* GIVEN DATA
________________________
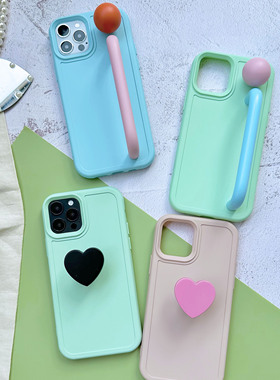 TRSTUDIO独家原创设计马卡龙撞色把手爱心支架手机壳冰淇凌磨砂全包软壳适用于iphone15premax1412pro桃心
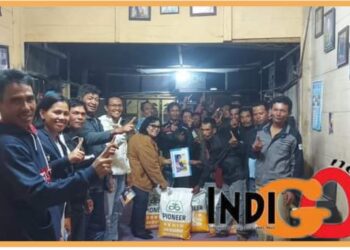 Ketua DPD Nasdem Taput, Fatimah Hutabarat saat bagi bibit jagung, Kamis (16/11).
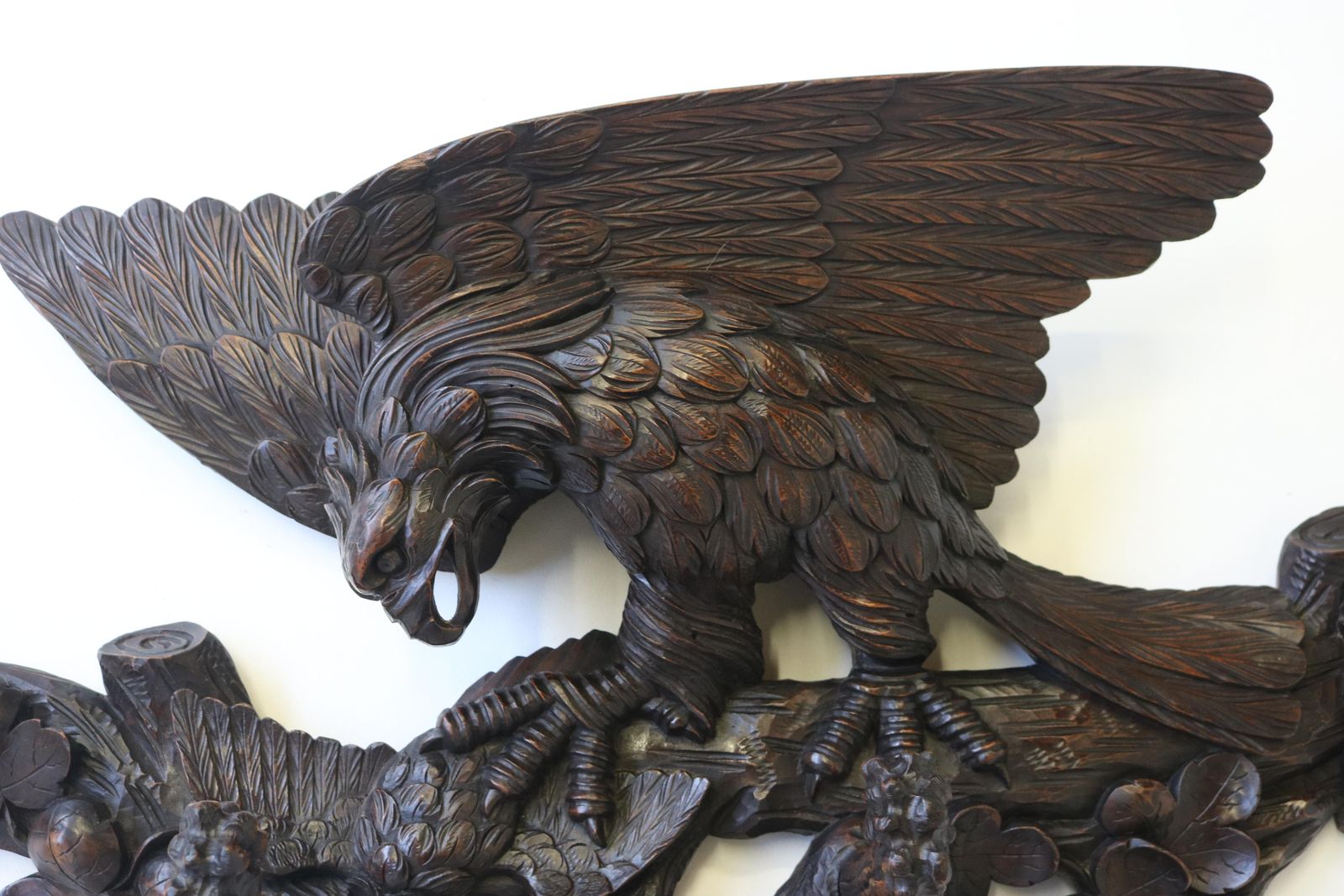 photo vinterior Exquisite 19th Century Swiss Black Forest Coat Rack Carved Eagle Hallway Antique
________________________
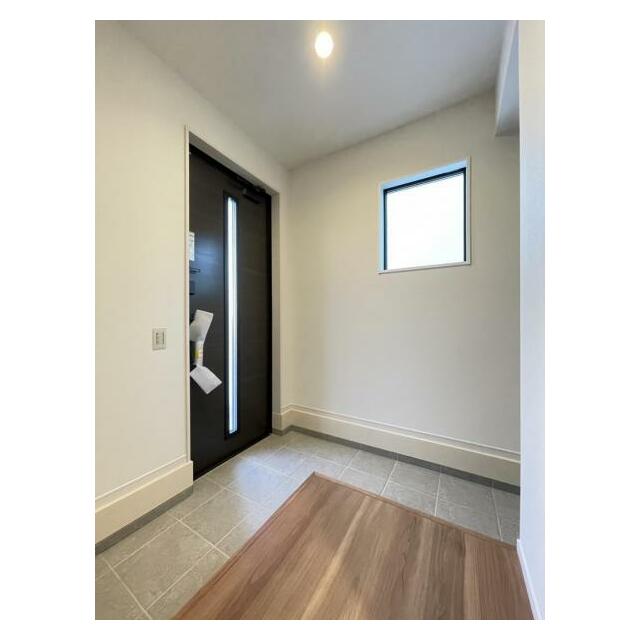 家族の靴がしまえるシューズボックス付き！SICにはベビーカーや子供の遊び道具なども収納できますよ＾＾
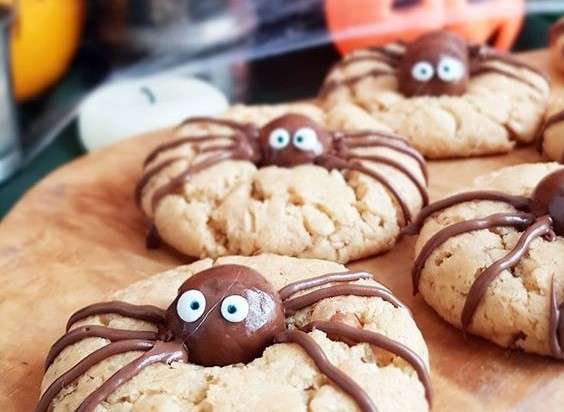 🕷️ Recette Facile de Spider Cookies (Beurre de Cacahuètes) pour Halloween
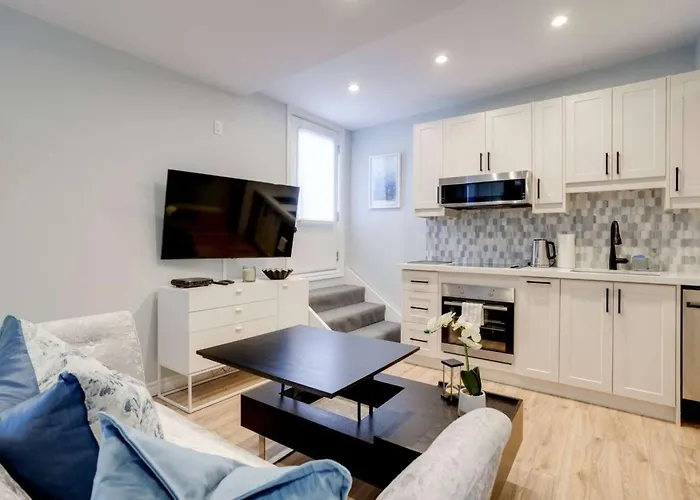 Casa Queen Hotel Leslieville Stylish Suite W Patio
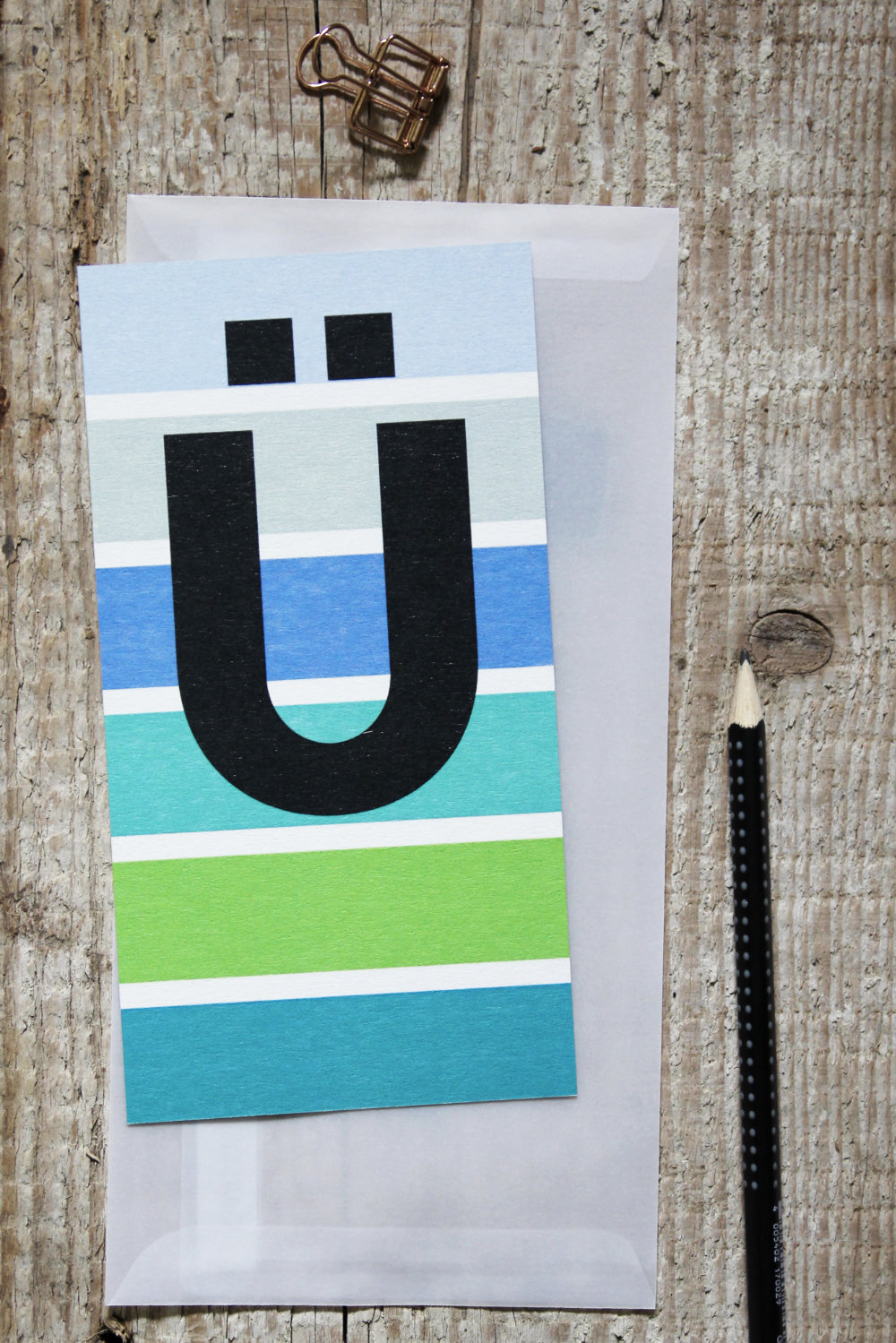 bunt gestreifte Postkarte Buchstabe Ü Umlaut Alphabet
________________________
* WORK INSTRUCTION
Copy needed, without pictures: the lines of the listing above from the line containing "TRSTUDIO独家原创设计" up to and including the line containing "photo vinterior Exquisite", set down exactly.

* ANSWER BELOW
 TRSTUDIO独家原创设计马卡龙撞色把手爱心支架手机壳冰淇凌磨砂全包软壳适用于iphone15premax1412pro桃心
 Ketua DPD Nasdem Taput, Fatimah Hutabarat saat bagi bibit jagung, Kamis (16/11).
 photo vinterior Exquisite 19th Century Swiss Black Forest Coat Rack Carved Eagle Hallway Antique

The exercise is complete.